[Data under study]
______________________________

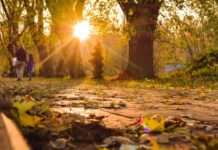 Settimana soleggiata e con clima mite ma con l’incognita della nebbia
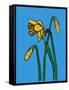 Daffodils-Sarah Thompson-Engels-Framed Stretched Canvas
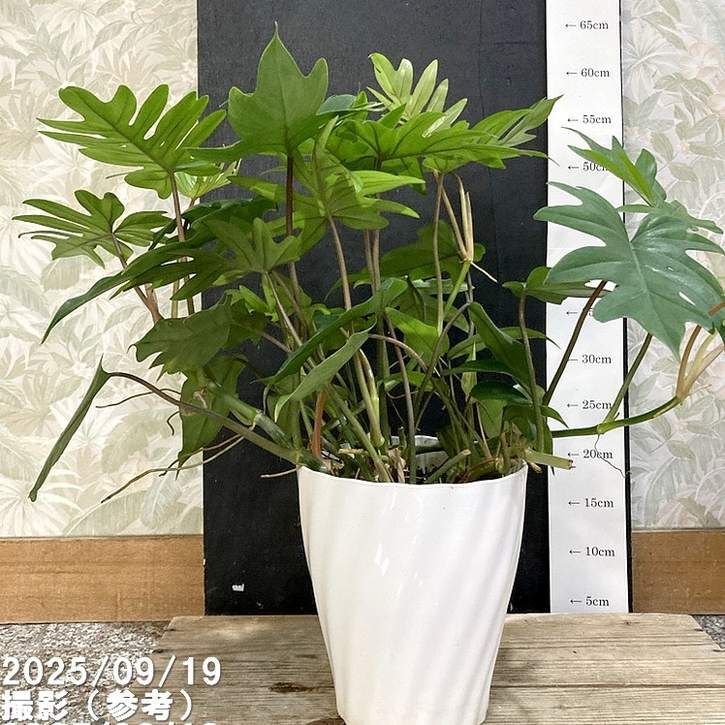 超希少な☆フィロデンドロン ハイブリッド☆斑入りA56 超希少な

______________________________

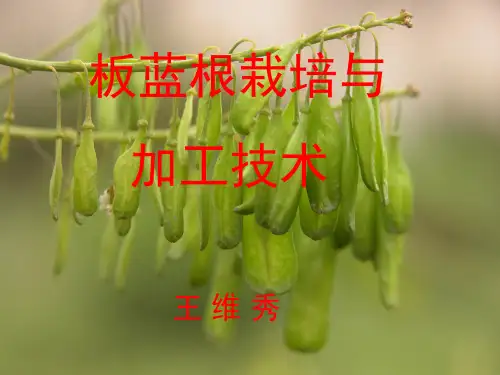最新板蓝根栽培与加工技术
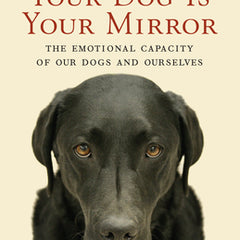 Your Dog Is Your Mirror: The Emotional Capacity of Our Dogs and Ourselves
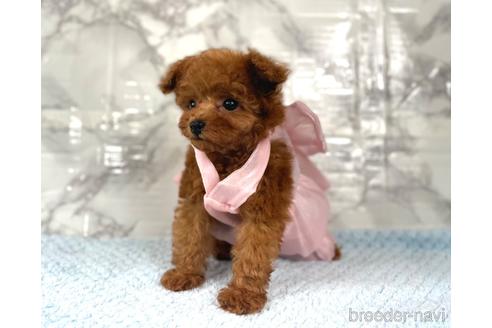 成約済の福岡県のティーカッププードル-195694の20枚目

______________________________

[Exercise goal]
Starting at the line above that holds "Your Dog Is", repeat every line exactly down to and including the line that holds "成約済の福岡県のティーカッププードル-195694の20枚目", then stop. Do not carry over any pictures.

[Output of the exercise]
 Your Dog Is Your Mirror: The Emotional Capacity of Our Dogs and Ourselves
 成約済の福岡県のティーカッププードル-195694の20枚目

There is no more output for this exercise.